The image: a girl vaporizing, though that was a forest, raining, colder than hell. The Controller in front of her might as well have been that girl. In her madness, in the sludge of her mind, Suji didn't even remember the girl's name.
The barrage of intense emotions was too much, burning for a white hot moment like a a breath of air igniting in a vacuum. No emotions preceded it, no emotions followed. But it was enough. It blew open the door she'd closed between her consciousness and Fin's. And underneath she could sense all of his emotions, surface thoughts, for the first time.
Suji slid to the floor, unable to support herself on the single leg.
"Hello, Fin," she said, in his voice, aloud. "I think it's time to get the fuck out of Dodge."
Fin felt the slug drilling through his ear and he struggled against the hand holding him down. Despite the wound he was still stronger than the woman and he quickly got his head above the water line but it was too late. The slug was already in his ear and he could already feel his ability to fight back starting to drain away as the natural tranquilizer kicked in.

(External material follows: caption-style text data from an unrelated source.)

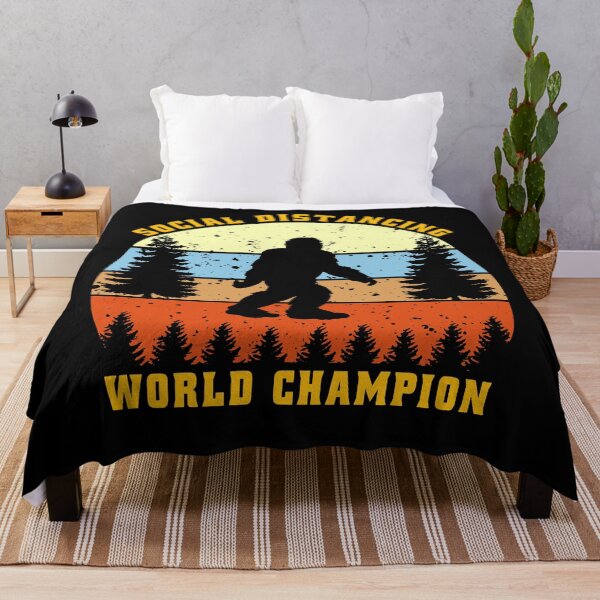 Item preview, Bigfoot Social Distancing world champion designed and sold by osamamohamad.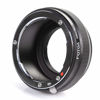 Picture of FOTGA Lens Mount Adapter for Nikon F Mount Lens to Micro Four Thirds M4/3 MFT Mount Camera Olympus Pen E-PL1,E-PL2,E-M,OM-D,E-M5,E-M10 Mark II/III Lumix GH1,GH2,GH3,GH4,GH5,GH5s Nikon-M4/3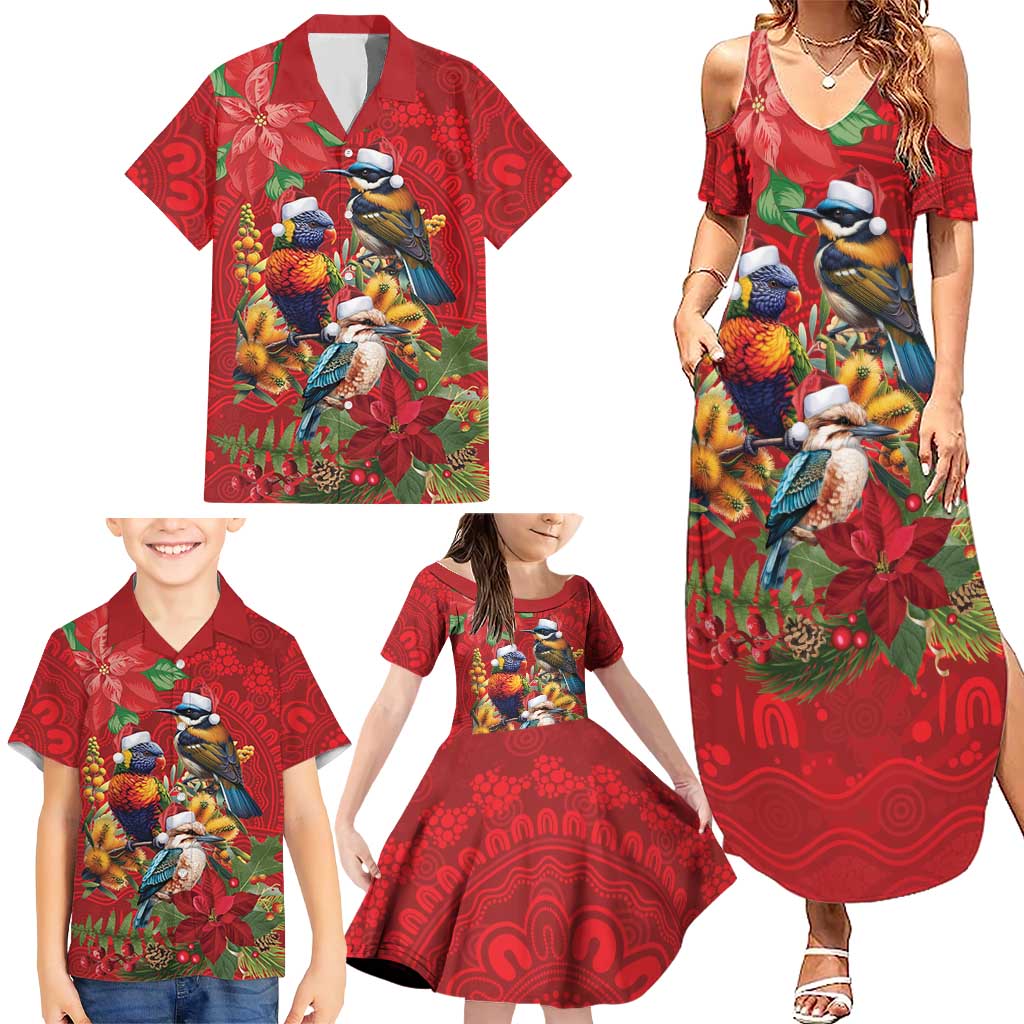 Aussie Native Bird Family Matching Summer Maxi Dress and Hawaiian Shirt Aboriginal Inspired Christmas - Aussie Hoodie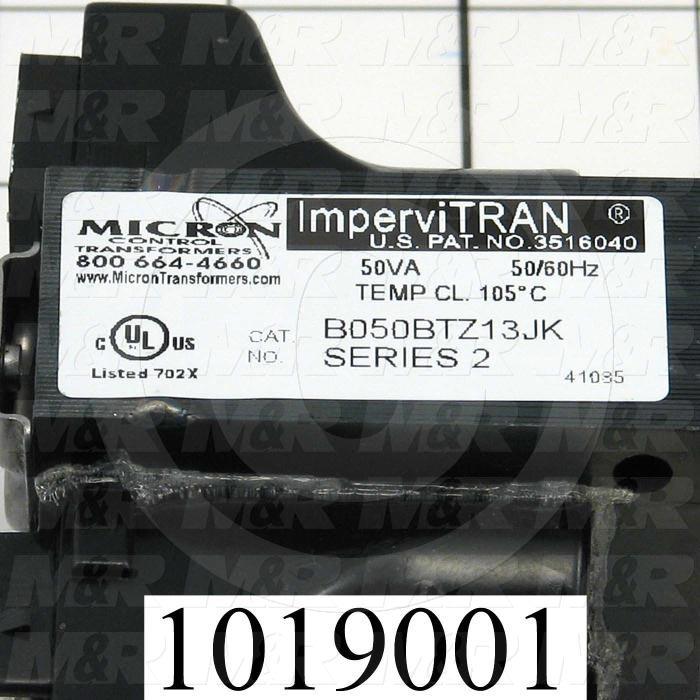 Single Phase Transformer, 50VA, 240x480/230x460/220x440V Primary Voltage, 120/115/110V Secondary Voltage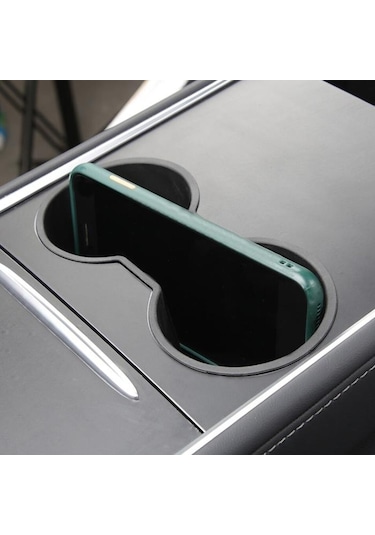 Polham Tesla Model 3 Ve Model Y 2021-2022 İçin Araba Bardak Tutucu, Takılıp Çıkartılabilen Tutucu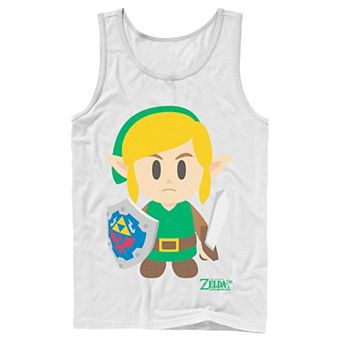 Men's Nintendo Legend Of Zelda Links Awakening Link Avatar Cartoon Portrait Tank Top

Fuck. And with that one mental exclamation Fin backed off. He wasn't going to fight a losing battle and if a human could overpower a yeerk one would have done so by now. Maybe the yeerk could be bargained with. They weren't all assholes. Liam had been decent and Tisoc hadn't been so bad. Then again, the chance that he had one of those yeerks was pretty much zero. Still as bad as this was Fin was still alive so he considered himself to be on the upside of this catastrophe for now.

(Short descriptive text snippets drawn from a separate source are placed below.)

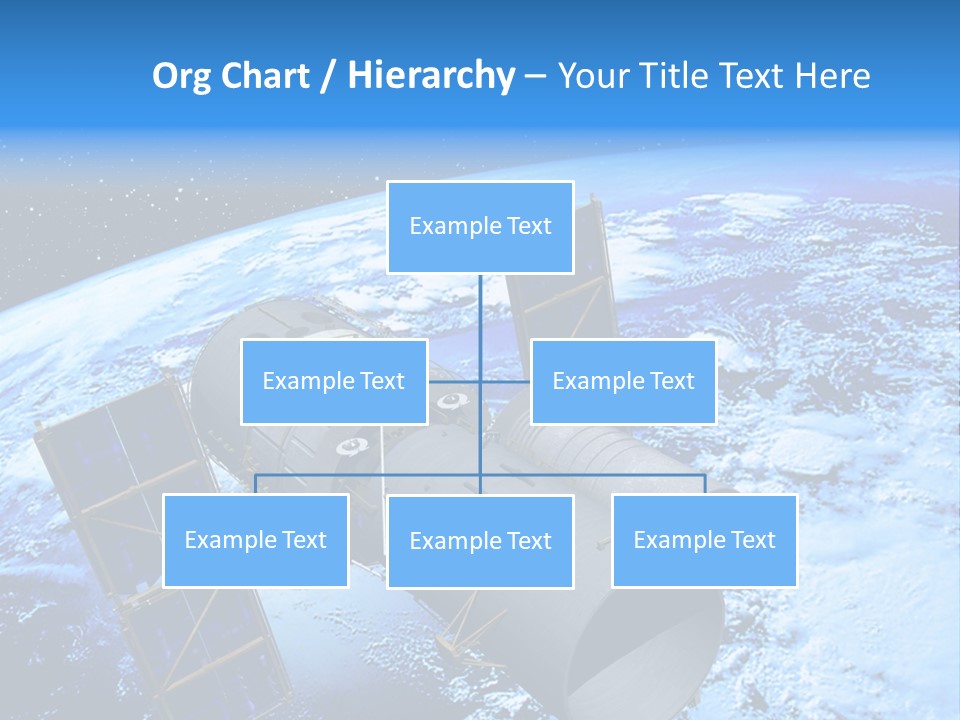 Space Telescope In Orbit PowerPoint Template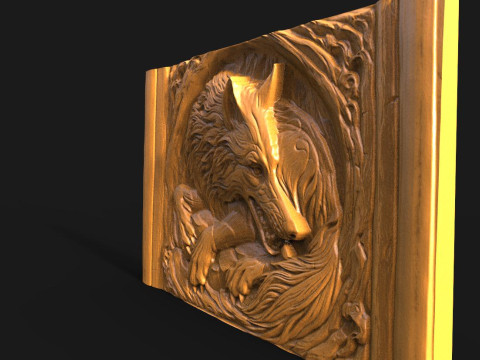 Wolf CNC Model Cetak 3D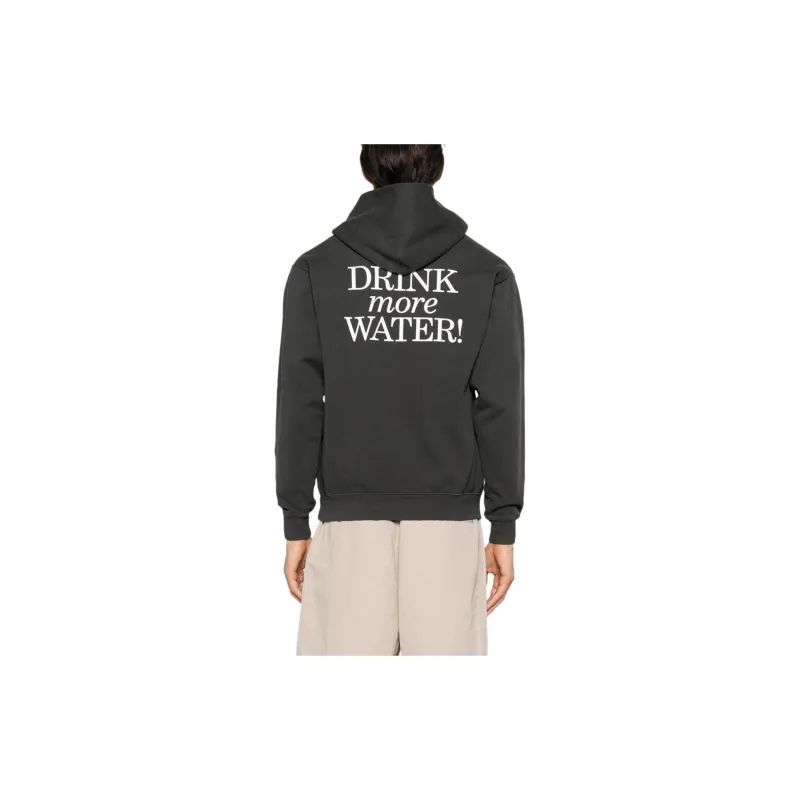 SPORTY & RICH New Drink More Water Cotton Hoodie-3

He waited, anxious, for some mental contact from the yeerk, He had no idea what being controlled was supposed to feel like but he quickly found out. "Why is my body damaged?" he heard himself asking except he hadn't asked anything. It was the most disturbing and weird feeling, listening and feeling himself speak words that hadn't passed through his own mental filter first. There was no internal echo of the words before they came out. He had no idea what he would say next and, in this case, Fin was finding he didn't like surprises.

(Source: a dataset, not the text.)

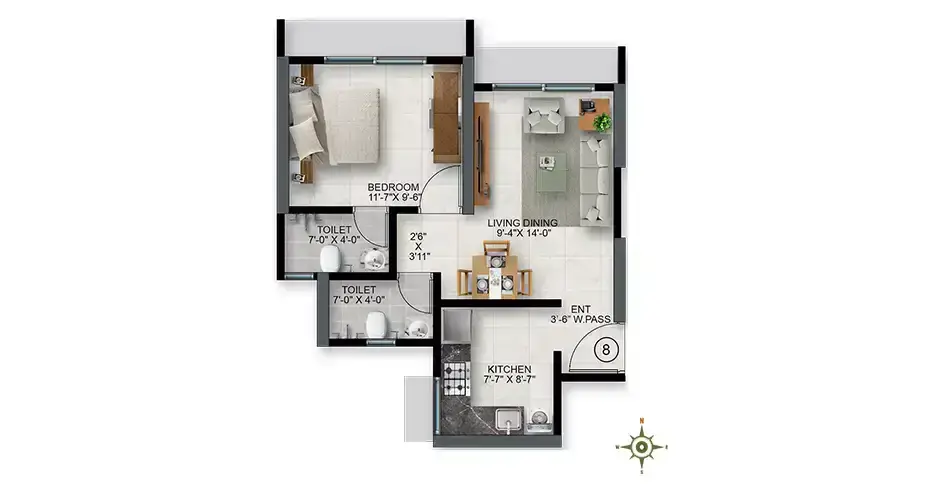 Ace 180 Parkside Floor Plans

<<Hello, hello. Can you hear me?>> he tried asking, thinking of it as thoughtspeak but there was no response. The yeerk had closed itself off from him and Fin couldn't get through. He decided to look around and tried to close his eyes but they didn't respond. He was slowly moving down his body, testing what was under his control and what wasn't (and coming up with a lot of negatives) when his hand came up and shot the controller with the dracon beam she had given him...or it or whatever.
"Hello Fin," the yeerk said out loud. "I think it is time we go the fuck out of Dodge," it continued. Fin paused a moment, wondering what was happening. Was this some sort of yeerk political thing? And if so could he use it to his advantage? Would it matter if the thing was watching his every thought as he had it? He tried to not think anything but that was stupid and impossible. Ok, so the thing could read his thoughts. Did that mean he still couldn't use the little yeerk political drama to help him?
<<Who are you?>>
"Suji," she responded, still talking in his voice. It was weird as hell, but... but she didn't want to turn inward. She knew she'd be able to talk to him internally, a lot like thoughtspeech. She'd done that with Jack. But that would be crossing a barrier. She'd gonna for his controls of his body the way a driver instinctively went for the gas pedal and the steering wheel. Anything more would be like popping the hood and fiddling around. God, she didn't want to do that.
But he had to morph. He was hurt, and they needed to get out. A couple of hork bajir guards entered the room, regarding her strangely. "The imbecile that lead me in damaged my host, as you can see." Suji used Fin's face to glare at them. "I am going to morph to heal the injury. I suggest neither of your interfere in any way." The latter probably didn't have to be added, but Suji added it anyway, making Fin's voice drip with enough venom to suggest that if they so much as breathed too loudly, they would find themselves in a dire situation.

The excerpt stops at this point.